Toegevoegde bijlage III:

CAR-UWO tekst Overwerk (2015/1) in verband met het gewijzigde artikel 3:18. Dit artikel is niet van toepassing op ambtenaren die onder de standaardregeling vallen (zie werktijdenregeling BRF november 2015, vastgesteld).

 

De KAN bepalingen 3:15 en 3:20 uit de CAR-UWO zijn als arbeidsvoorwaarde toegevoegd aan de Uitvoeringsregeling. KAN bepaling 3:22 uit de CAR-UWO is terug te vinden in de Uitvoeringsregeling hoofdstuk 5.4.

 

Bijlage I Behorende bij de Uitvoeringsregeling AVRF

 

 

Berekening arbeidsduur per jaar Veiligheidsregio Flevoland

 

 

Een jaar heeft 365 dagen

Er wordt op 5 van de 7 weekdagen gewerkt

Op de volgende dagen wordt niet gewerkt:

 

Nieuwjaarsdag 5/7 x 1

Goede Vrijdag 1

Paasmaandag: 1

Koninginnedag 5/7 x 1

Bevrijdingsdag 5/7 x 1

Hemelvaart: 1

Pinkstermaandag 1

Eerste kerstdag 5/7 x 1

Tweede kerstdag 5/7 x 1

 

totaal: 7,57 dagen

 

365 x 5/7 – 7,57 = 253,14 werkdagen van 7,2 uur = 1823 uur per jaar.

Bijlage II Behorende bij de Uitvoeringsregeling AVRF

 

Roosterdocument …. Brandweer Flevoland

 

 

Bijlage III behorende bij de Uitvoeringsregeling AVRF

 

Artikel 3:2 Overwerkvergoeding

De ambtenaar heeft recht op een vergoeding voor overwerk. In een nader vast te stellen regeling wordt onder

meer bepaald in welke gevallen een uitzondering geldt wat betreft de mogelijkheid aanspraak te maken op een

vergoeding, bedoeld in de eerste volzin.

 

Artikel 3:2:1 Overwerkvergoeding

Lid 1

De vergoeding, bedoeld in artikel 3:2, bestaat uit verlof gelijk aan het aantal volle uren van het overwerk,

alsmede uit het bedrag dat voor die uren wordt berekend overeenkomstig het in het vijfde lid bepaalde.

Lid 2

Het verlof, bedoeld in het vorige lid, wordt verleend op een zo vroeg mogelijk tijdstip.
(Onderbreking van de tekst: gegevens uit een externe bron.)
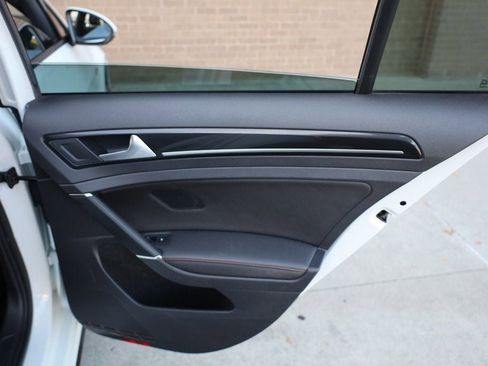 Used 2015 Volkswagen GTI SE w/ Lighting Package (SEL) image 20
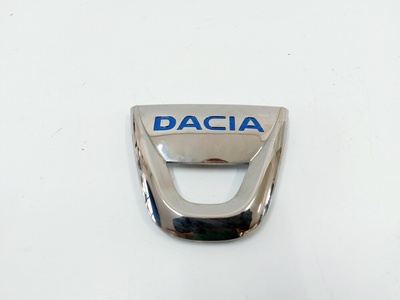 908890920R эмблема логотип крышки багажника задняя dacia duster ii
Op verzoek van de

ambtenaar en voor zover de belangen van de dienst en de belangen van de andere ambtenaren dit toelaten

wordt het verlof verleend - zo nodig in afwijking van het bepaalde in de eerste volzin - op een tijdstip dat de

ambtenaar wenst.

Lid 3

Voor 1 november (tenzij lokaal anders is geregeld) kunnen verlofuren die het gevolg zijn van de vergoeding

voor overwerk dat zal worden verricht in het daarop volgende kalenderjaar, worden omgezet in vakantie als

bedoeld in artikel 6:2, eerste lid.

Het aantal verlofuren uit de vorige volzin en het aantal vakantie-uren, als bedoeld in artikel 6:2, tweede lid,

tezamen mag maximaal 50,4 uur bedragen. Voor de ambtenaar die is aangesteld voor een arbeidsduur van

minder dan 36 uur per week geldt een naar evenredigheid lager aantal uren als maximum.

Lid 4

Kan geen verlof worden verleend in overeenstemming met het in het tweede lid bepaalde, dan bestaat de in

artikel 3:2 bedoelde vergoeding uitsluitend uit een bedrag. Dit bedrag wordt berekend overeenkomstig het

bepaalde in het vijfde lid, met dien verstande, dat de in dat lid genoemde percentages worden vermeerderd

met 100.

Lid 5

a. Het bedrag van de in het eerste lid bedoelde vergoeding wordt voor elk van de in aanmerking komende

uren berekend naar een percentage van het uurloon van de ambtenaar.

Dit percentage bedraagt:

  • 100 voor overwerk op een zondag tussen 0 en 24 uur;

  • 75 voor overwerk op een zaterdag tussen 0 en 24 uur;

  • 75 voor overwerk op een maandag tussen 0 en 6 uur;

  • 50 voor overwerk op een dinsdag, woensdag, donderdag of vrijdag tussen 0 en 6 uur;

  • 50 voor overwerk op een maandag, dinsdag, woensdag, donderdag of vrijdag tussen 20 en 24 uur;

  • 25 voor overwerk op maandag, dinsdag, woensdag, donderdag of vrijdag tussen 6 en 20 uur.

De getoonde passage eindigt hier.